In a large building, there are \(15\) bulbs of \(40~\text{W}\), \(5\) bulbs of \(100~\text{W}\), \(5\) fans of \(80~\text{W}\) and \(1\) heater of \(1~\text{kW}\). The voltage of the electric mains is \(220~\text{V}\). The minimum capacity of the main fuse of the building will be:
1. \(10~\text{A}\)
2. \(12~\text{A}\)
3. \(14~\text{A}\)
4. \(8~\text{A}\)

A cell of internal resistance \(r\) drives current through an external resistance \(R.\) The power delivered by the cell to the external resistance will be maximum when:
1. \(R=1000 r\)
2. \(R=0.001r\)
3. \(R=2r\)
4. \(R=r\)

The resistive network shown below is connected to a D.C. source of \(16~\text{V}\). The power consumed by the network is \(4\) Watt. The value of \(R\) is:

                          
1. \(16~\Omega\)
2. \(1~\Omega\)
3. \(8~\Omega\)
4. \(6~\Omega\)

One kg of water, at \(20^\circ \text{C}\), heated in an electric kettle whose heating element has a mean (temperature averaged) resistance of \(20~\Omega\). The rms voltage in the mains is \(200~\text{V}\). Ignoring heat loss from the kettle, time taken for water to evaporate fully, is close to:
[Specific heat of water = \(4200\) J/(kg ºC), Latent heat of water = \(2260\) kJ/kg]
1. \(10\) minutes
2. \(22\) minutes
3. \(3\) minutes
4. \(16\) minutes

Model a torch battery of length \(l\) to be made up of a thin cylindrical bar of radius '\(a\)' and a concentric thin cylindrical shell of radius '\(b\)' filled in between with an electrolyte of resistivity \(\rho\) (see figure). If the battery is connected to a resistance of value \(R\), the maximum Joule heating in \(R\) will take place for:

      
1. \( \mathrm{R}=\frac{2 \rho}{\pi l} \ln \left(\frac{\mathrm{b}}{\mathrm{a}}\right) \)
2. \( \mathrm{R}=\frac{\rho}{\pi l} \ln \left(\frac{\mathrm{b}}{\mathrm{a}}\right) \)
3. \( \mathrm{R}=\frac{\rho}{2 \pi \mathrm{l}}\left(\frac{\mathrm{b}}{\mathrm{a}}\right) \)
4. \( \mathrm{R}=\frac{\rho}{2 \pi \mathrm{l}} \ln \left(\frac{\mathrm{b}}{\mathrm{a}}\right) \)

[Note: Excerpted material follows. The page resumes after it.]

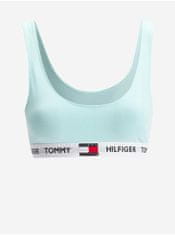 Tommy Hilfiger Světle modrá podprsenka Tommy Hilfiger Underwear XS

A battery of \(3.0~\text{V}\) is connected to a resistor dissipating \(0.5~\text{W}\) of power. If the terminal voltage of the battery is \(2.5~\text{V}\), the power dissipated within the internal resistance is:
1. \(0.10~\text{W}\)
2. \(0.072~\text{W}\)
3. \(0.125~\text{W}\)
4. \(0.50~\text{W}\)

An electrical power line, having a total resistance of \(2~\Omega\), delivers \(1~\text{kW}\) at \(220~\text{V}\). The efficiency of the transmission line is approximately:
1. \(72\%\)
2. \(96\%\)
3. \(91\%\)
4. \(85\%\)